Le changement doit venir de l’intérieur. Une organisation comme celle
que je dirige, le Fonds international de développement agricole, offre
son appui. Nous investissons. Nous partageons savoirs et meilleures
pratiques. En notre qualité de seule institution financière
internationale au sein du système des Nations unies, nous sommes des
acteurs engagés en faveur de la transformation du monde rural. Mais il
n’en demeure pas moins qu’aucune institution donatrice ne peut
transformer les pays si ceux-ci ne souhaitent pas se transformer
eux-mêmes.
L’Éthiopie, pays autrefois synonyme de famine, figure désormais parmi
les économies africaines dont la croissance est la plus rapide. Grâce
aux investissements en faveur des infrastructures rurales et de la
transformation de l’agriculture, il a été possible de faire ce qu’aucune
aide, de quelque importance que ce soit, ne serait parvenue à faire.
L’Éthiopie est le premier pays d’Afrique exportateur de miel, et il
arrive en deuxième position pour ce qui est de l’horticulture.

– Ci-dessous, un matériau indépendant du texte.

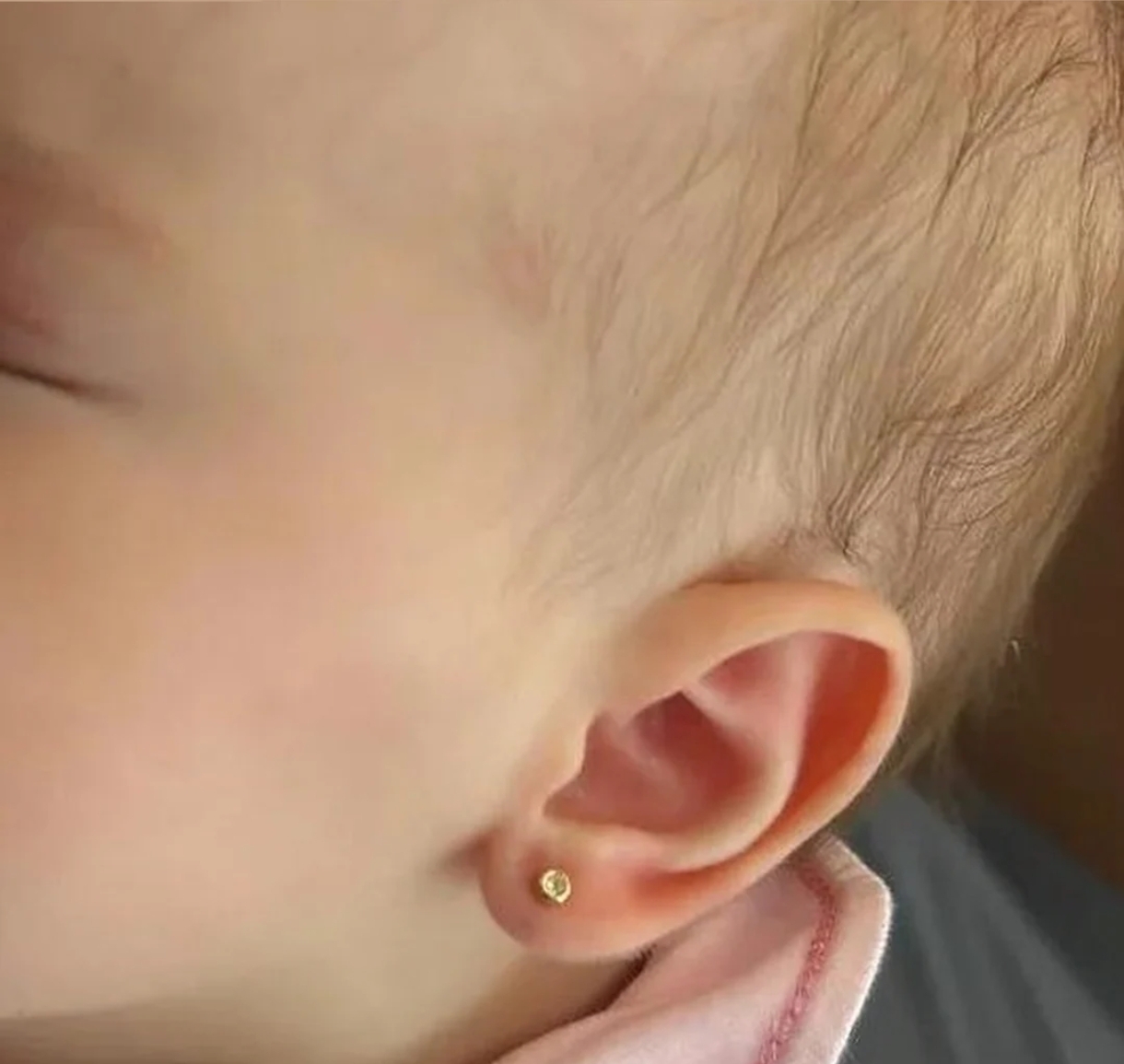 Primeiro brinco de bebê recém-nascido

Alors, n’oublions pas que l’on ne mesure pas tous les engagements en
dollars. En effet, pour nous sauver nous-mêmes et pour sauver notre
avenir et notre planète, nous avons besoin de ressources importantes,
tant publiques que privées. Mais nous avons également besoin que
gouverneurs, législateurs, investisseurs, entrepreneurs et partenaires
de tous genres s’engagent en faveur d’investissements équitables et sans
exclusive. Et ce pas seulement en Afrique. L’Accord d’Addis-Abeba nous
offre l’occasion de ne pas nous contenter de compter l’argent mais de
veiller à ce que celui-ci fasse la différence.